Robert Hunter, the US ambassador to Nato from 1993 to 1998, believes that Britain was the country most responsible for preventing intervention by the UN or Nato to rescue the Bosnians. "Britain," Hunter has said, "has a huge burden of responsibility for what happened at Srebrenica." Responsibility for "Nato's failure to act militarily lay in London". When, after Srebrenica, Nato was finally authorised to conduct air strikes, the war was ended in 20 days.
The British people showed more humanity than their rulers. In April 1993, more than two out of three people in a Mori poll supported the dispatch of British troops, while in February 1994 over half wanted air strikes against the Bosnian Serbs. But the foreign secretary, Douglas Hurd, defended the arms embargo since lifting it would create a "level killing field", a remark that drew from a retired Margaret Thatcher the stinging retort that there already was a "killing field the like of which I thought we would never see in Europe again [...] It is in Europe's sphere of influence. It should be in Europe's sphere of conscience".
In addition, Britain's borders were closed to refugees since their interests, Hurd argued, "would put pressure on the warring factions to treat for peace", the implication being that the refugee problem would force the Bosnians – the victims – to surrender. Britain's stance had become that of the priest who passed by on the other side in the parable of the good Samaritan.
It is time, surely, to end the polite silence that has so far attended Hurd's conduct of this country's foreign affairs during the conflict. The Srebrenica massacre offers a dreadful warning of the dangers of a "realist" foreign policy that ignores the fundamental values holding liberal democracies together.
In March 1999 the Blair government took a quite different view of Balkan affairs, pressing Nato to commit troops to Kosovo to counter the threat of genocide against Albanian Muslims. This led rapidly to the fall of Slobodan Milosevic, denounced for dragging his nation into a war it could not win.
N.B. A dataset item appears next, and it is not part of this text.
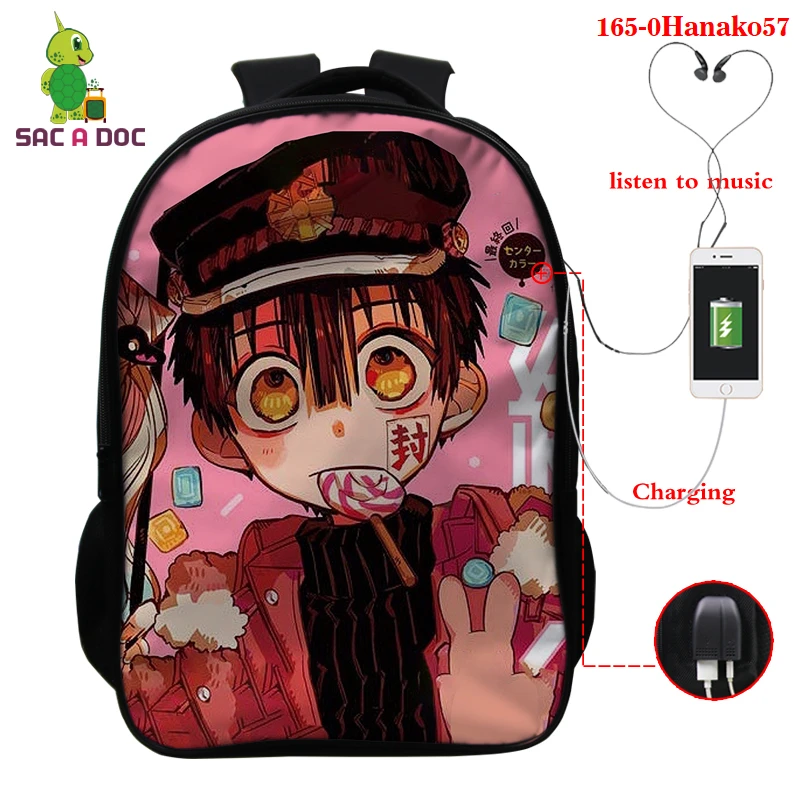 

Toilet-Bound Hanako-kun Laptop Backpack USB School Bags Women Men Travel Bags for Girls Anime Bagpack Back To School Bags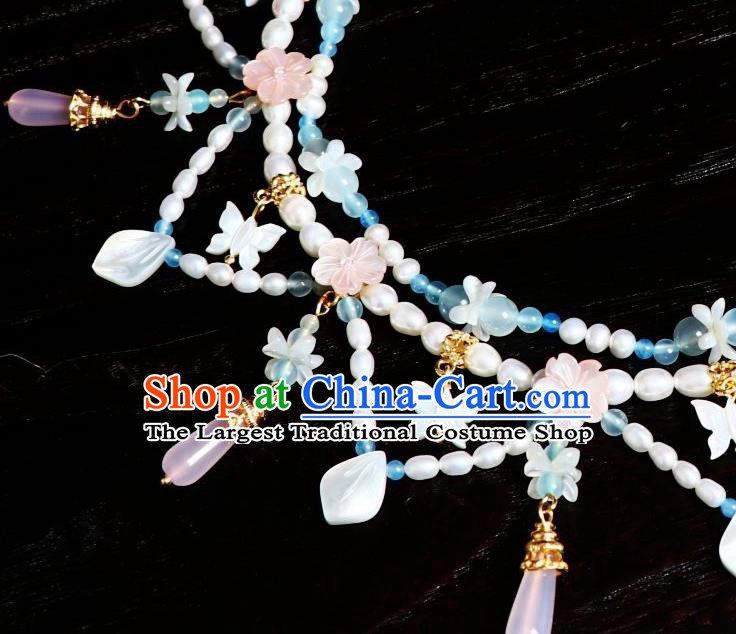 China Traditional Tang Dynasty Shell Butterfly Necklace Handmade Ancient Princess Tassel Necklet Accessories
In April 1999 Blair defended his foreign policy in an important speech in Chicago. "We need," he declared, "to enter a new millennium where dictators know that they cannot get away with ethnic cleansing or repress their people with impunity." In Kosovo, Britain was "fighting not for territory, but for values". The "principle of non-interference must be qualified in important respects". We needed "a new doctrine of international community" to give "explicit recognition that today more than ever before, we are mutually dependent". In consequence, we had a right, if not a duty, to intervene to prevent genocide, to deal with "massive flows of refugees" that become "threats to international peace and security", and to combat rogue states.
These ideas have now been embodied in the 2005 UN initiative, Responsibility to Protect, based on the principle that sovereignty is not a right but a responsibility. It is this principle that David Cameron and William Hague adopted in Libya, and seek to adopt in Syria.
In 2004 the Serbian president Boris Tadic apologised to Bosnia-Herzegovina for crimes committed in the name of Serbia; and in March 2010, the Serb parliament issued a declaration "condemning in strongest terms the crime committed in July 1995 against Bosniak population of Srebrenica". Kofi Annan also has apologised for the UN's policy of "amoral equivalence". But there has been no apology from Douglas Hurd, even though British policy in Bosnia implicated Britain in the worst atrocity Europe has seen since the Holocaust.
Vernon Bogdanor is research professor at the Institute of Contemporary History, King's College London. His books include The New British Constitution, and The Coalition and the Constitution.